Senza la tensione dell’intercessione, la testimonianza si esaurirà nel fare semplicemente delle cose per gli altri e non potrà mai far risplendere l’opera di Dio. L’intercessione è la condizione di fondo che permette al formatore di finalizzare ogni impegno e fatica al suo vero scopo: condurre all’incontro con Dio. Questo induce noi accompagnatori a non mescolare mai interessi nostri all’opera di Dio e favorisce in chi è accompagnato la ricevibilità dell’annuncio e della testimonianza di cui portiamo la responsabilità.
Come sarebbe possibile dare il vangelo a una persona senza che questa ci diventi cara? Solo a questo patto il nostro linguaggio saprà essere concreto, capace di offrire una rivelazione vissuta e vivente che può suscitare una risposta, un lasciarsi prendere dalla nostalgia di Dio, che già tutti portano racchiusa in loro.
3. - In terzo luogo la testimonianza. Cosa è realmente in gioco nella testimonianza cristiana?
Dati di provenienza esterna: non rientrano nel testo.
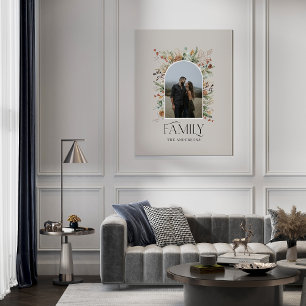 Toile Arc photo de famille aquarelle botanique élégant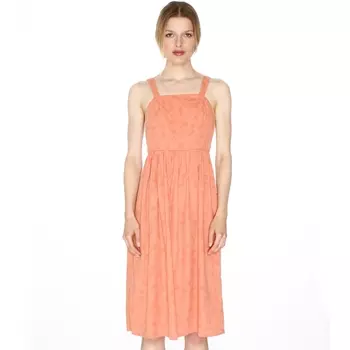 Платье на бретелях, отрезное по спинке, застежка сбоку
Quando Gesù invia i suoi discepoli in missione, ricorda loro le prove che li attendono, e poi li esorta a non avere timore: temete Dio e non gli uomini! (cfr. Mt 10,26-28). Gli uomini cercheranno di contrastarvi, ma se non cedete alla violenza farete vedere al mondo che l’amore di Dio è più forte e ha vinto davvero il male. Gesù non intende certo dire che verremo risparmiati, che non subiremo violenza o morte. Vuol dire piuttosto che Dio sarà con noi anche nella morte, e tutto verrà alla luce, anche questa realtà e questo mistero.
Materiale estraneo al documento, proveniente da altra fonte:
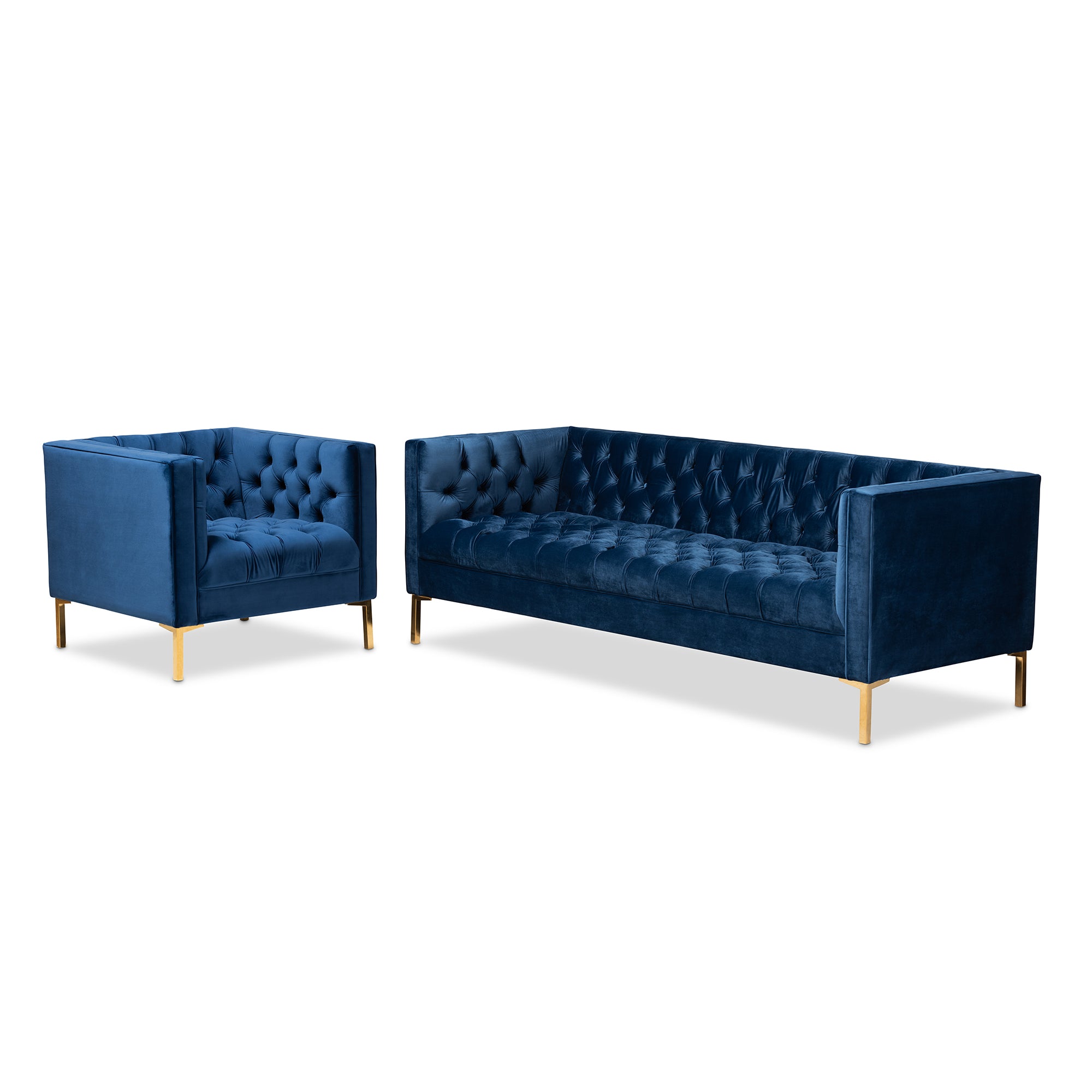 Zanetta Glamour Sofa & Chair 2-Piece-Sofa Set-Baxton Studio - WI-Wall2Wall Furnishings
Un’altra nota va fatta ancora per colui che accompagna. Le preghiere che eleviamo a Dio Padre nel nostro servizio di accompagnamento, non si concludono con la richiesta della carità. La tradizione insegna che la carità ha bisogno di un custode attento e intelligente, e questo è il compito che ci è affidato. Così vedere i propri peccati e non accusare il fratello riassume, anche per l’accompagnatore, la forza di una santa associazione: l’umiltà della carità. In questo si sostanzia l’arte divina del servire come accompagnatori.

Tre cose per concludere

Se, alla fine, potessi indicare gli atteggiamenti fondamentali che predispongono a far vivere quanto abbiamo detto li descriverei così:
1. - Custodire la convinzione che il Signore accoglie tutti, ognuno per se stesso, nella sua specificità, in tutta misericordia. La persona ha bisogno di essere accolta integralmente e concretamente; essere disponibili a questo porta a farsi carico di lei con tutto il cuore, in amicizia. È una disponibilità a lavorare con Dio, il quale continuamente opera nei cuori e compie i suoi voleri di salvezza anche là dove nemmeno si riesce ad intuirne la presenza.
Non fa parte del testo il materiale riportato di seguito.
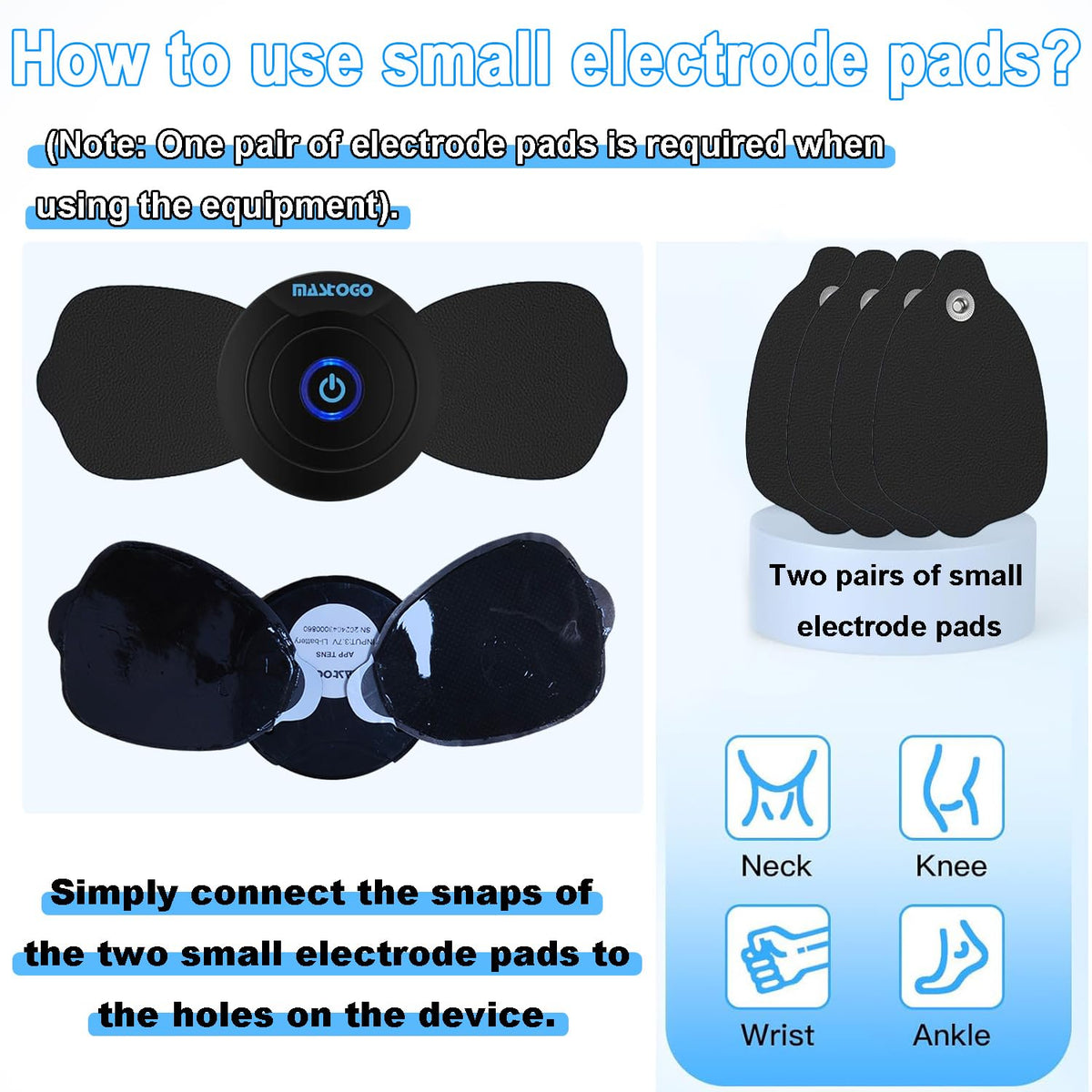 MASTOGO 12 Modes Wireless TENS Unit Muscle Stimulator for Pain Relief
2. - La mansuetudine come immagine dell’accondiscendenza di Dio verso i suoi figli. Ci si riferisce allo sguardo di benevolenza, di pazienza e di tenerezza, per cui la persona non si sente mai giudicata. L’esperienza insegna che diventare amorevoli significa diventare più veri e più lucidi. Ce ne accorgiamo anche dal linguaggio usato, più immediato e concreto, attento a collegare l’annuncio cristiano alle esigenze del cuore, al di là di ogni strategia psicologica.
3. - La responsabilità legata all’accettazione di un compito, il compito di favorire la riconciliazione con Dio, con se stessi e con il mondo, in modo da liberare in questo modo tutti gli spazi del cuore. Si tratta di imparare a custodire la tenerezza verso l’umano nella sua trasparenza del divino senza contrapporre o contrarre nervosamente i due poli a scapito della sanità di fondo dell’anima.
Anticamente ci si poneva questa domanda: «Dio si sarebbe incarnato anche senza il peccato?». La teologia greca ha sempre sostenuto che Dio si sarebbe incarnato comunque. Perché? Perché l’uomo è creato a immagine del Verbo di Dio che si sarebbe fatto uomo. L’umanità è fin dall’inizio ordinata alla divinità. Non ce ne rendiamo conto e spesso lottiamo invano contro noi stessi.